> **Your objective**: Transcribe word for word each line from the one containing "Women Fashion Stylish" to the final line of the data, both included. Skip the pictures.

Collected data Block Start

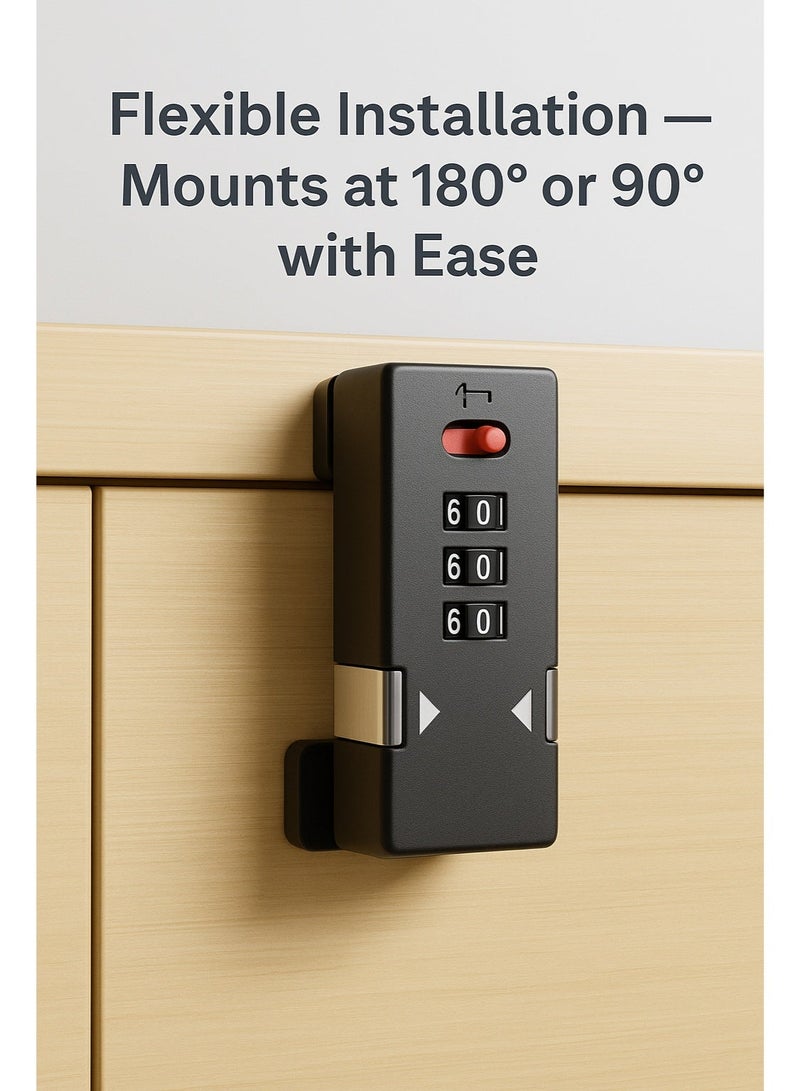 3 Digit Combination Slide Bolt Lock, Keyless Zinc Alloy Security Lock with Adjustable 7mm Lock Head for Cabinets, Doors, Drawers and Outdoor Gates - Image 2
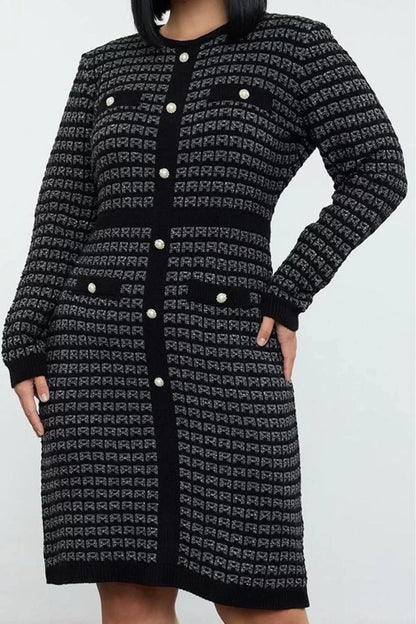 Women Fashion Stylish Plus Size Mini Length Crew Neck Fitted Patterned Buttoned Knit Dress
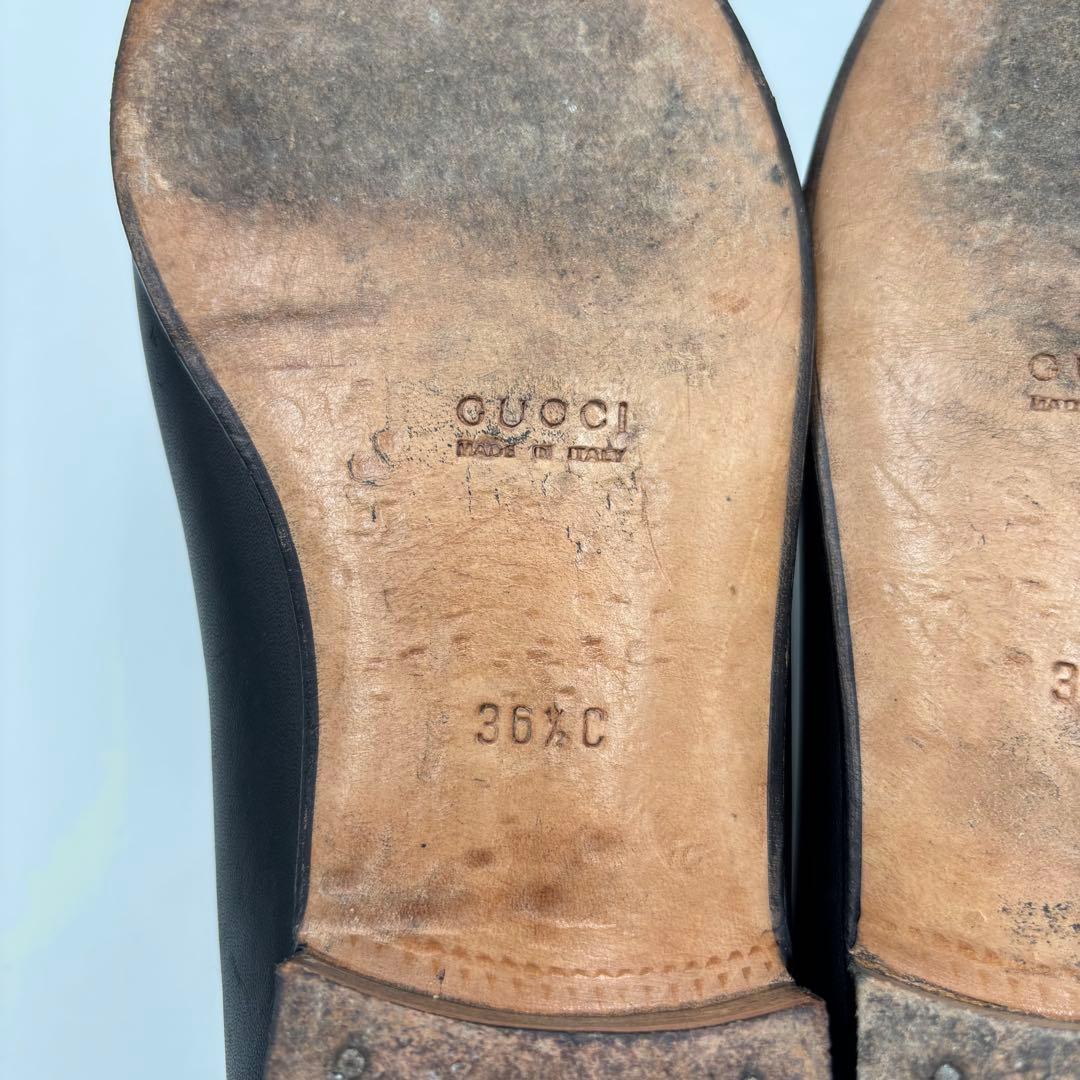 専用GUCCI グッチ ホースビット レザー ローファー 36 約23㎝ 黒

Collected data Block End

> **Answer area**:
 Women Fashion Stylish Plus Size Mini Length Crew Neck Fitted Patterned Buttoned Knit Dress
 専用GUCCI グッチ ホースビット レザー ローファー 36 約23㎝ 黒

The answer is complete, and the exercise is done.